9-11: The Scott Trilogy; an introduction, cutting to the chase

After four attempts to address William B. Scott’s three 2002 articles written for Aviation Week & Space Technology let me cut to the chase and get some things off my mind. Scott wrote at a time when accurate information was not available, the emerging story was incomplete, and the voices of the day had internalized events in their own way. His was an honest effort and is particularly useful to address three barriers, pitfalls if you will, to accurately understanding the events of September 11, 2001.

The barriers are: time compression; event conflation; and the imposition of post-facto understanding and conditions on both facto and pre-facto events.  The Staff of both the 9-11 Commission and the Congressional Joint Inquiry that preceded it grappled constantly with these barriers to understanding.   Most people writing objectively about the events of the day, the work of the 9-11 Commission Staff, or the work of authors, such as Scott, will remember to ‘walk in their shoes.’ And that especially means not looking through a post-facto lens.  Setting aside the post-facto lens barrier lets look a bit further at the other two barriers.

Time Compression

A good example of time compression is the difficulty the well-researched author, Lynn Spencer, encountered. Hers was another honest effort. In Touching History she established a reader’s road map by time-stamping each section; a chronological approach. That worked well until she attempted to tell the Andrews fighter story.  Spencer struggled to get the Andrews fighters back from the skies over North Carolina to Washington D.C. in time and space to deal with UA 93. The compression of time problem was such that Spencer had to abandon her reader’s road map and did not time-stamp that section of her book

In another example, Richard Clarke’s compression of time in “Against All Enemies” is not helpful in understanding the sequence of events that morning.  Clarke’s is also an honest effort, one which highlights the fact that participant recall is much like an eye witness account, helpful but not definitive.  And Clarke’s problems with time compression lead to the second barrier, event conflation.

Event Conflation

Clarke established a time hack for his readers, “It was now 9:28.”  That time was in reference to establishing an air defense “CAP over D.C.”  That meant that by that time, according to Clarke,  General Myers was in the Pentagon, the Air Threat Conference Call was underway, and “eleven aircraft [were] off course or out of communications.” [attributed to Garvey] Actually, Clarke conflated events as he compressed them in time, leaping nimbly over both barriers at once.  He also established that Norman Mineta was not in the loop by 9:28, despite Mineta’s own account.

Mineta, then Secretary of Transportation established in multiple accounts, including testimony before the 9-11 Commission, that he was there before 9:28 and that an aircraft “50 miles out” was AA 77.  Mineta’s story is the definitive example of event conflation.  The plane in question was UA 93.  Mineta and Clarke cannot both be right at the same time in terms of Mineta’s location in space and time.

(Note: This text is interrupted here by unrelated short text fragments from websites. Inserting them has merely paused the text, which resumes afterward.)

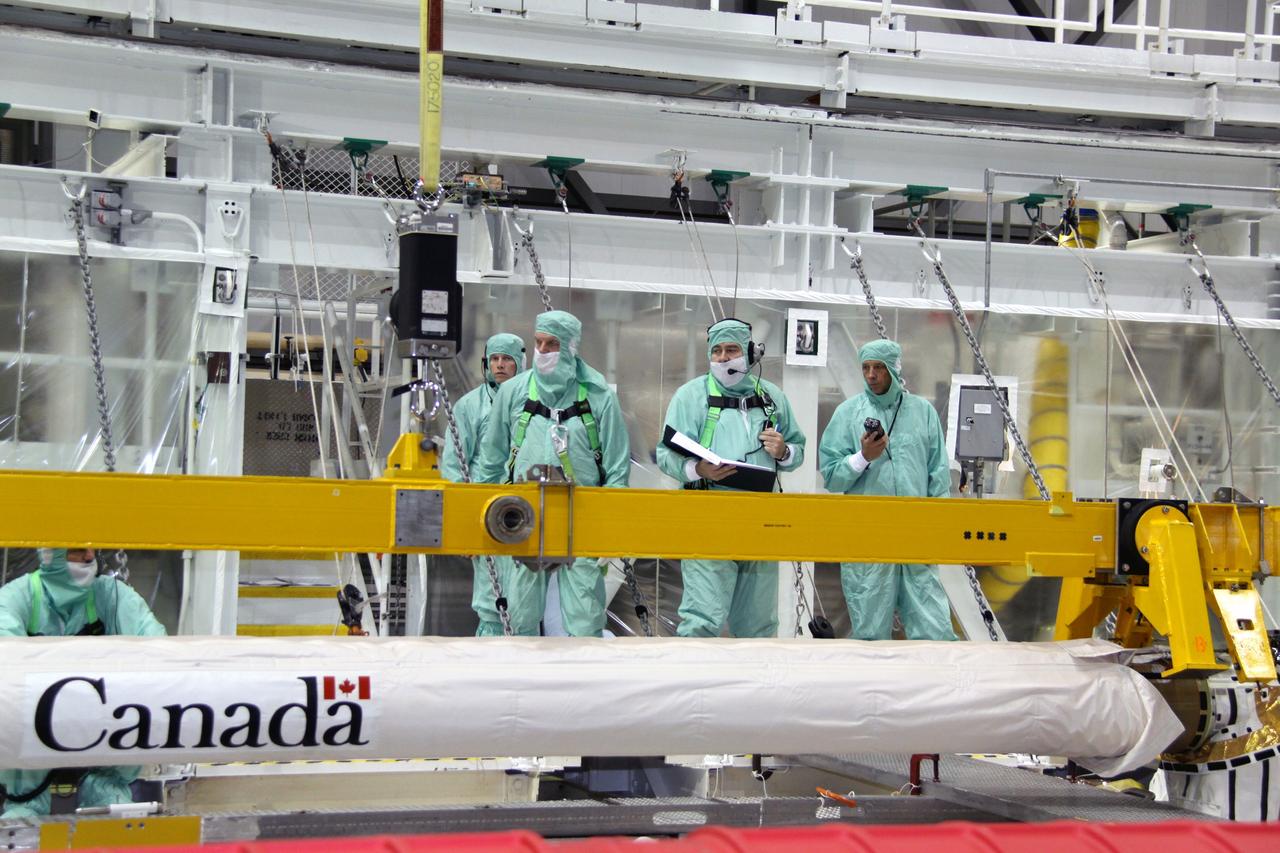 CAPE CANAVERAL, Fla. –In NASA Kennedy Space Center's Orbiter Processing Facility bay 2, a crane is being attached to space shuttle Endeavour's Orbiter Boom Sensor System for removal. After returning from the STS-127 mission July 31, 2009, Endeavour now is being processed for the STS-130 mission targeted for Feb. 4, 2010. Endeavour will deliver to the International Space Station the Tranquility pressurized module that will provide room for many of the station's life support systems. Photo credit: NASA/Jack Pfaller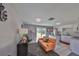 Modern kitchen with white cabinets, granite countertops, and island at 6025 Florida S Cir, Apollo Beach, FL 33572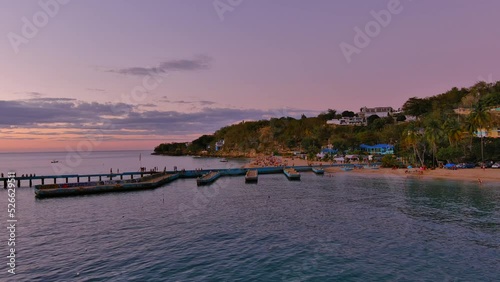 Slide to the left Drone Shot of Crash Boat Beach sunset located in Aguadilla, Puerto Rico. photo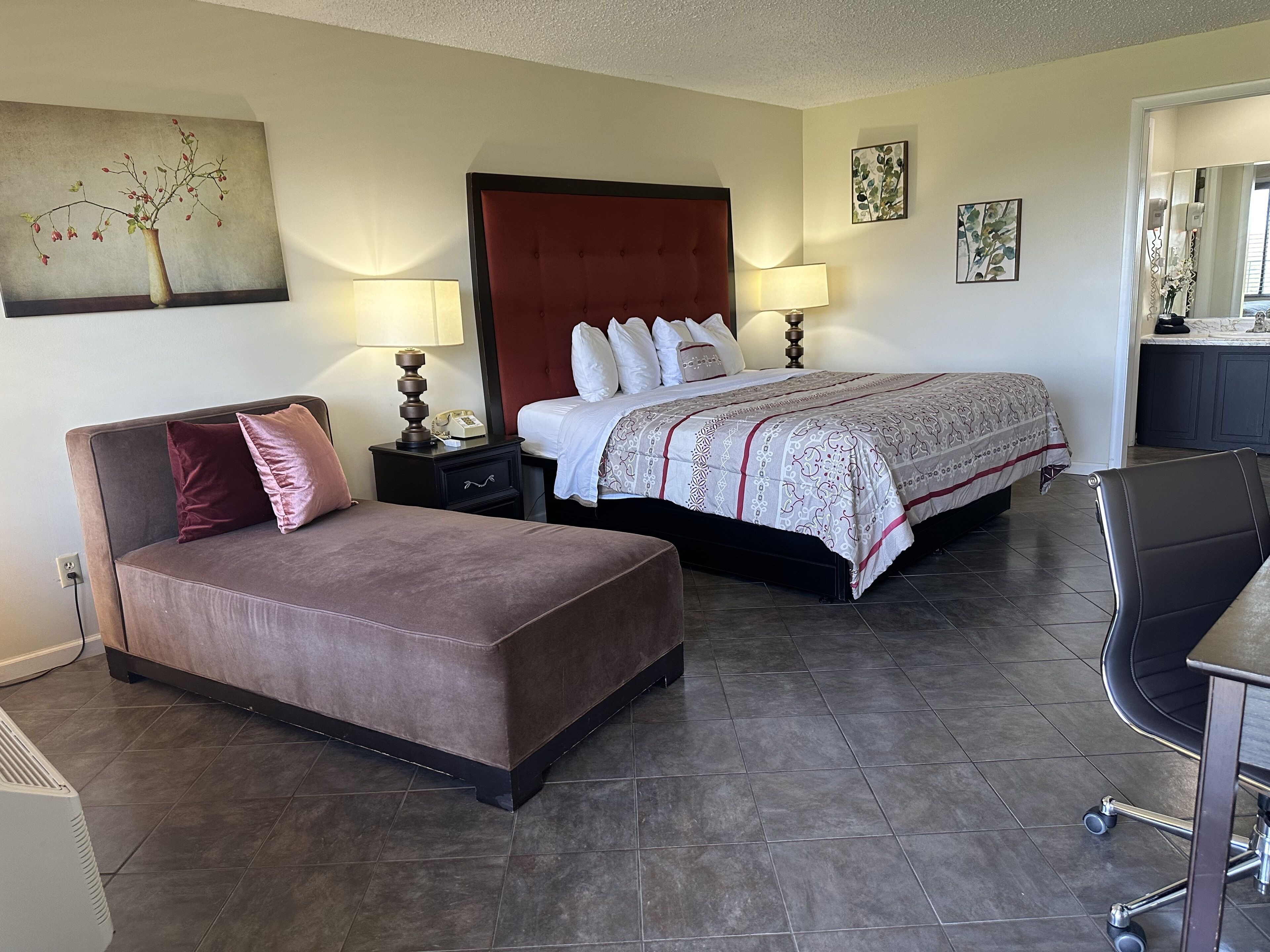 A hotel room with a bed, a sofa, a desk, and a chair.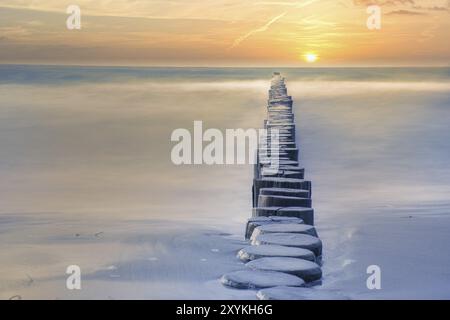 Groynes che sporge all'orizzonte nel Mar Baltico. Lunga esposizione con colori silenziati. Paesaggio girato dal mare Foto Stock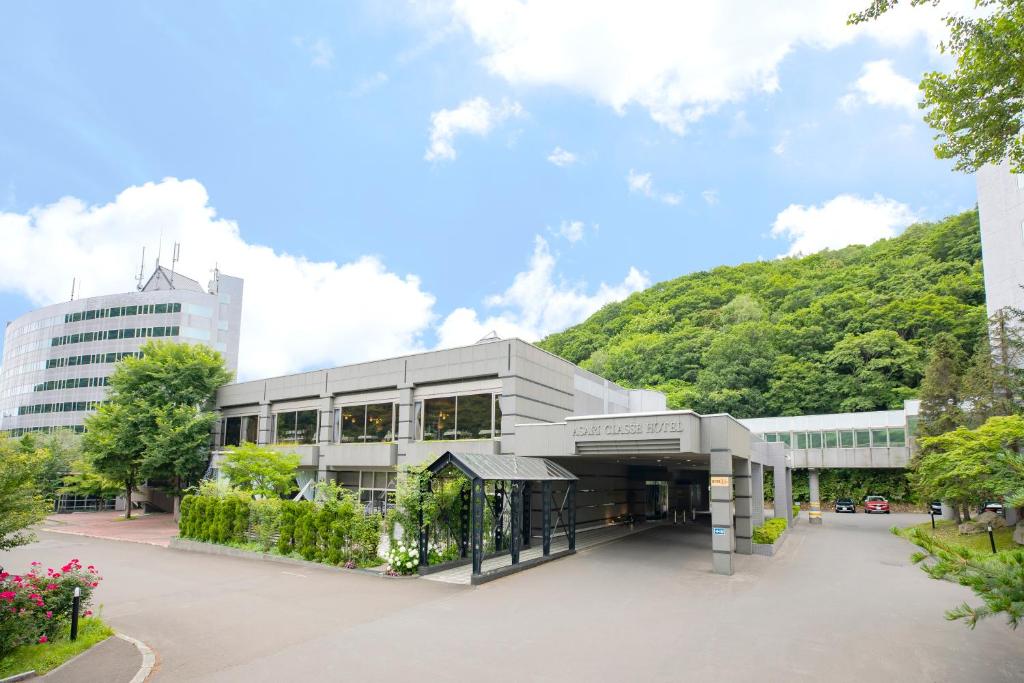 a large building with a hill in the background at Otaru Asari Classe Hotel in Otaru
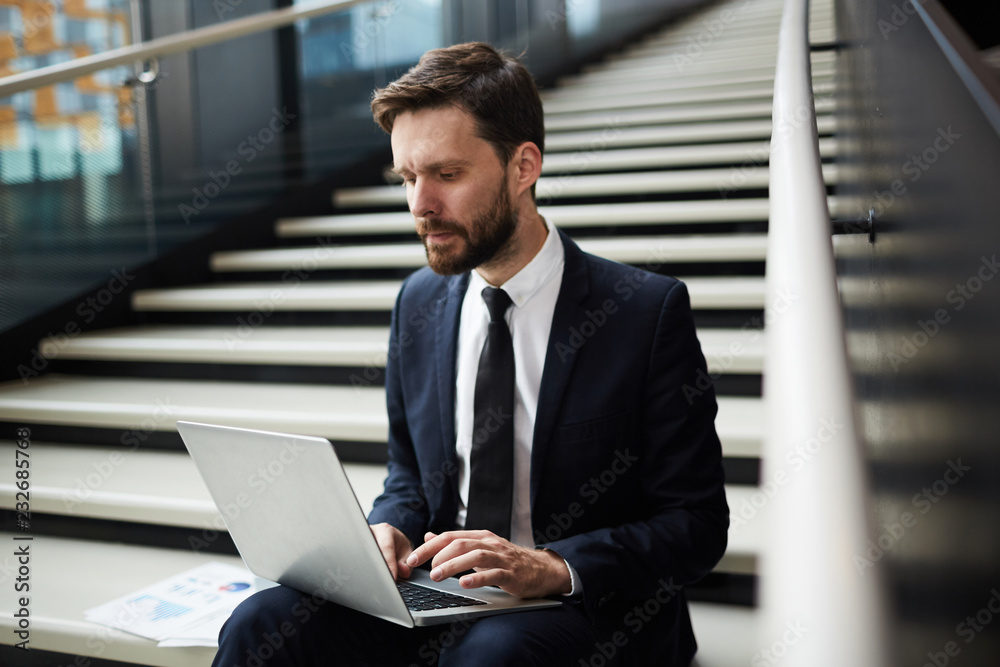 Young mobile businessman sitting on stairs and looking at data on laptop display while networking Young mobile businessman sitting on stairs and looking at data on laptop display while networking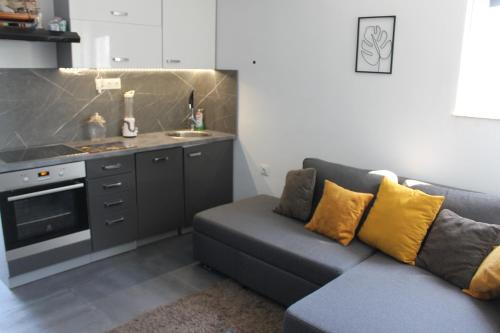 ein Wohnzimmer mit einem Sofa und einer Küche in der Unterkunft Cozy Corners in Nin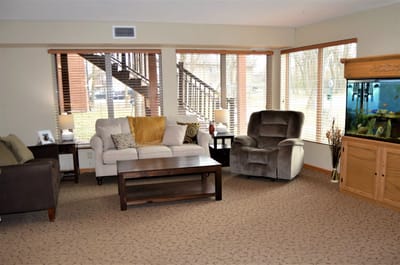 Cozy common area with comfortable seating and large windows
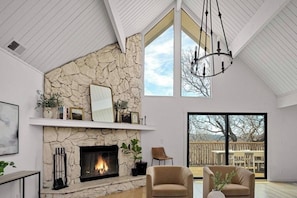 A spacious living room with a stone fireplace, a large window, and a view of the outdoors. - Modern Lakeview Retreat, Beach Club Access with 2 Decks (Lake Arrowhead)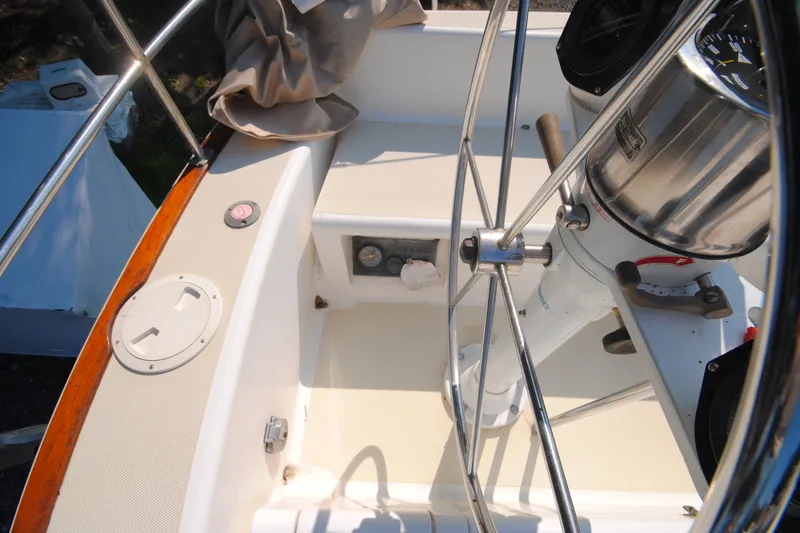 Slide: The Image of Cockpit of 1987 Tillotson-Pearson 28 sailboat with steering wheel and navigation instruments. - 10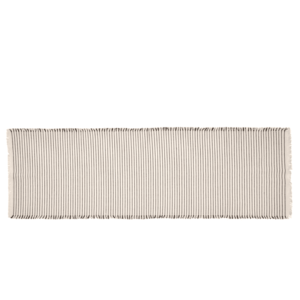 This striking table runner is brought to you from Broste Copenhagen and its combines both style and practicality. This table runner Is finished in an off white and black colour.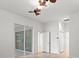 Bedroom with sliding glass doors and wood-look floors at 121 Amora Ave, Venice, FL 34285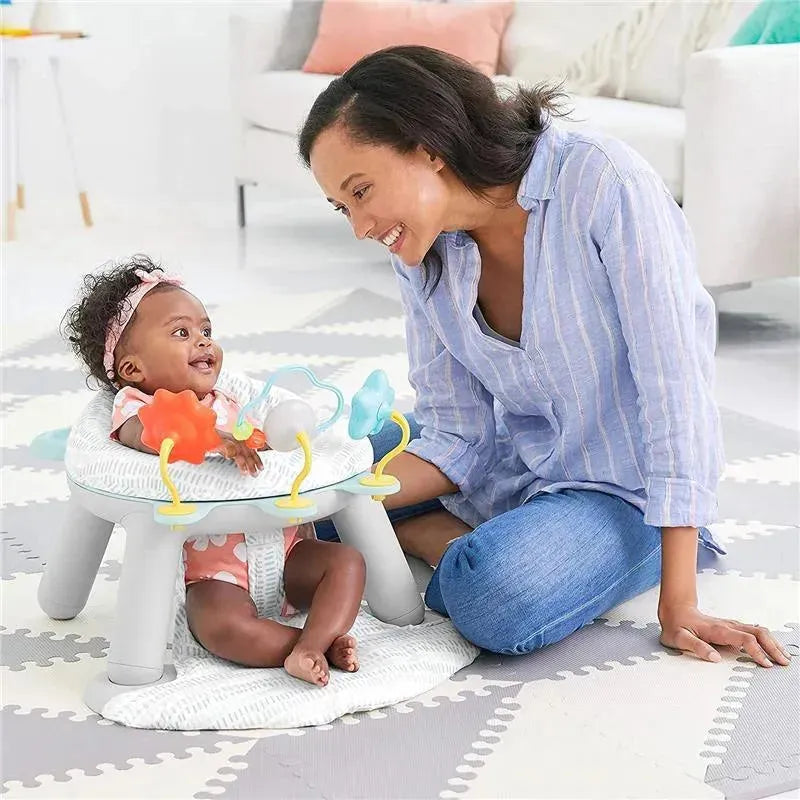 A baby sits in a Skip Hop Silver Lining Cloud 2-in-1 Activity Floor Seat, smiling at a woman leaning close, engaged in play.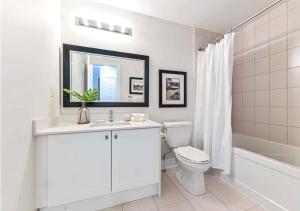 a white bathroom with a toilet and a sink at Luxe Toronto Townhome, Rooftop Terrace, Parking in Toronto +19 photos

Even the events of the day were conflated in at least two instances as they occurred; Delta 1989 was conflated with UA 93, and AA 77 was conflated with AA 11.  NEADS perpetuated the first conflation in its own story of the day. The plane that ‘meandered’ that day was not UA 93, it was Delta 1989.  We may never know the details of the second conflation other than the fact that it occurred and that it did prompt the Langley scramble.

Looking ahead to the Scott Trilogy

Researchers, writers, analysts, and investigators have the capability to overcome time compression and event conflation by using primary and secondary source information as an aid to recall during interviews. Spencer and Scott, especially, did not have the primary source information they needed to deal with either barrier. And as we will discover in the first Scott article some conflated events were also time compressed by Scott’s sources.

Okay, with that off my mind we can move on to Scott’s trilogy. And as we do, let me mention that is was from Scott that the Commission Staff obtained the lead about the Air Threat Conference Call. The tape of that conference is the single most important primary source of the day. For now, Commission Report footnotes stand as the best available secondary source of the day concerning that conference call.